On Monday, it rained sausage in Thal Bei Graz, Austria, where 60 years ago Arnold Schwarzenegger, the glorious, glamorous governor of California, popped out of his mutter’s womb like a mighty redwood from a log flume. But while the tube steak was flying just south of Vienna, things were decidedly more sedate in the Golden State, where the final location of handsome’s birthday bash was a closely guarded secret, at least from this diva.
Could it be the loosely knit macramé halter top I wore to Twitchell Island earlier this month, where the governor launched his plan to build a peripheral canal and simultaneously save the endangered Delta smelt?
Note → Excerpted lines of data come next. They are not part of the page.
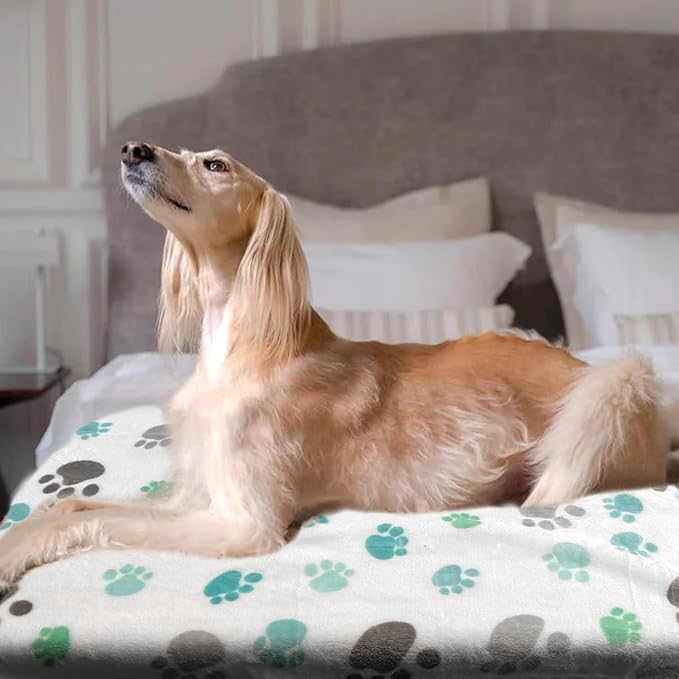 Dog Blankets for Medium Large Dogs Washable, 3 Pack Pet Blanket Washable 41" x 31", Fuzzy Soft Puppy Throw Cover for Kennel Crate Bed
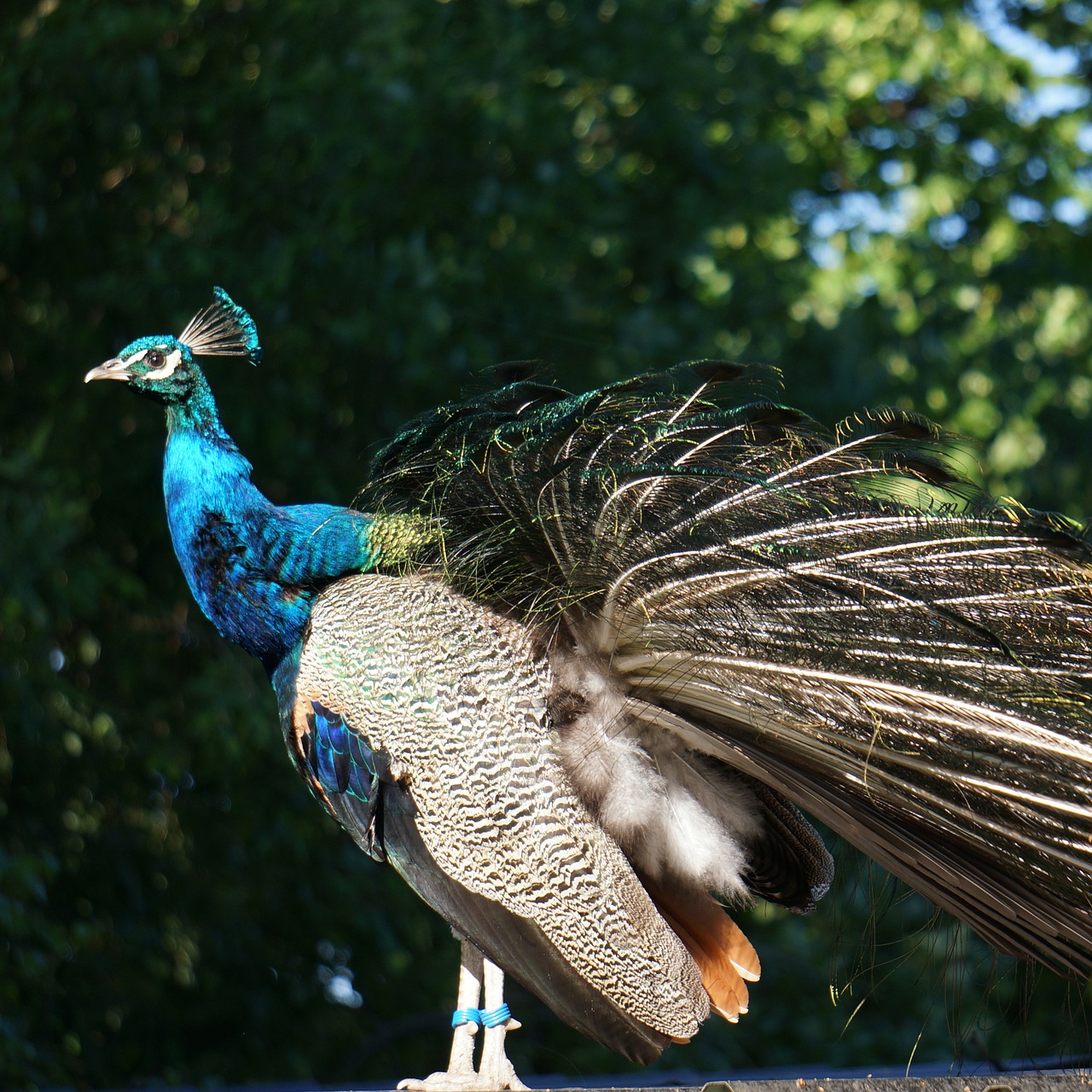 Pavo Cristatus, Povas Kyla Iš Pelenų, Plunksnos Padidintos, Nemokamos Nuotraukos,  Nemokama Licenzija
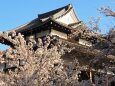 春の清水寺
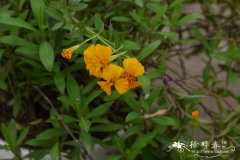 甜万寿菊Tagetes lucida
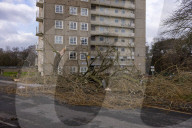 2025-01-24 Storm E?owyn, Tree Damage Moor Allerton Leeds LS17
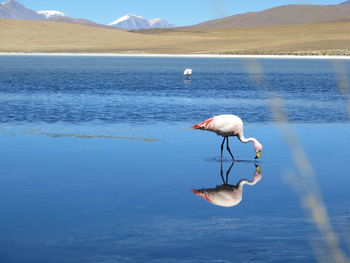 Reflection of flamingo foraging in lake against mountains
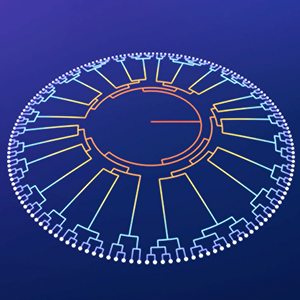 An animation of an evolutionary tree, starting from a small spot and rapidly spreading outwards and dividing as it grows.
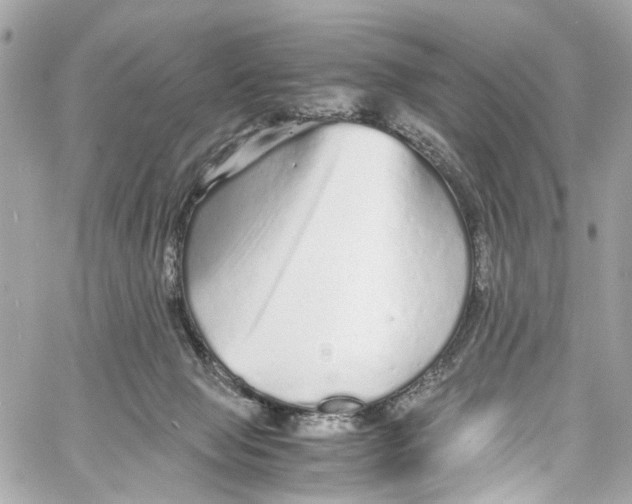 X0000059850077200511181549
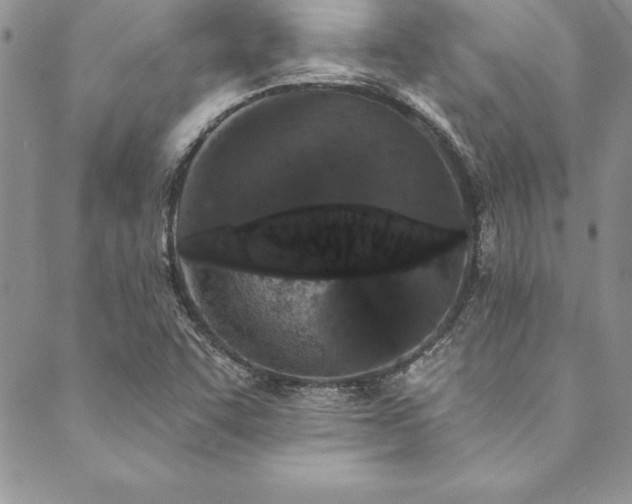 X0000090501455200707131340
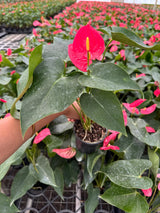 Anthurium andraeanum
Excluded as usual from the mainstream media flotilla, I was forced to swim out to the press conference with a wizened American Indian activist, who informed me that, “Building more dams and a peripheral canal to save the Delta is like putting a tourniquet on your arm and leaving it there.”
“What the heck does that mean?!” I asked in disbelief.
“If you don’t take it off, you will die.”
As Mr. Indian was staring directly into my ample cleavage, I mistakenly assumed he meant take off my top, which I was more than happy to fling in the 90-plus degree heat. I instantly was wrestled to the ground by Arnie’s security detail, who let me up and wrestled me down three more times in succession. Not that a girl’s complaining, mind you.
Anyway, as a recent Department of Water Resources report indicated, the water in the Delta is polluted with all kinds of nasty pesticides and stuff; I’m still scrubbing out the inflammation that’s blotted my creamy complexion like burgundy on a white tablecloth. Nothing, nothing at all, comes between me and the governor. Except maybe a rash. So perhaps it’s just as well nobody invited me to the party.